You Are the Ghost Town, and I Am the Heartland

Maybe it's the upcoming move, but I've been thinking a lot about place and how location does or doesn't change my writing. Back before I was a writer, I was a visual artist--or at least, an art student. I drew huge portraits and figure studies, and as my teachers pointed out, the bodies were almost always floating in space. Occasionally, I would paint landscapes; these depicted the way the world looked in the dark of night, when many details that mark a particular geography become more difficult to discern. In art, as in life, I was unmoored--I never lived in one home for more than a few years, and that sense of transience showed up in my work.
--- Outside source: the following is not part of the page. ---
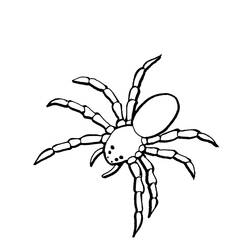 ぬりえページ: クモ (動物) #621 - 無料の印刷可能なぬりえページ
I've been living in Iowa just shy of ten years now, and aspects of this place have found their way into poems and stories: the native birds, the rhythms of speech, the vulnerability of vast fields. As I make my peace with leaving for pastures that, if not greener, are certainly more likely to be sheltered by mountains, I am finally recognizing the places here that have mattered to me. In the midst of this, Chris Rice Cooper kindly invited me to represent Iowa in the Sacred Spaces, Sacred Places project, which features the places sacred to over 100 poets, including some of my favorites. (Ellen Bass, Sarah A. Chavez, and Wang Ping are just a few of the many poets who show and write about their sacred spaces.) It's strange to know that I've been called upon to represent a state that still doesn't feel like home, and yet, I've made a home here.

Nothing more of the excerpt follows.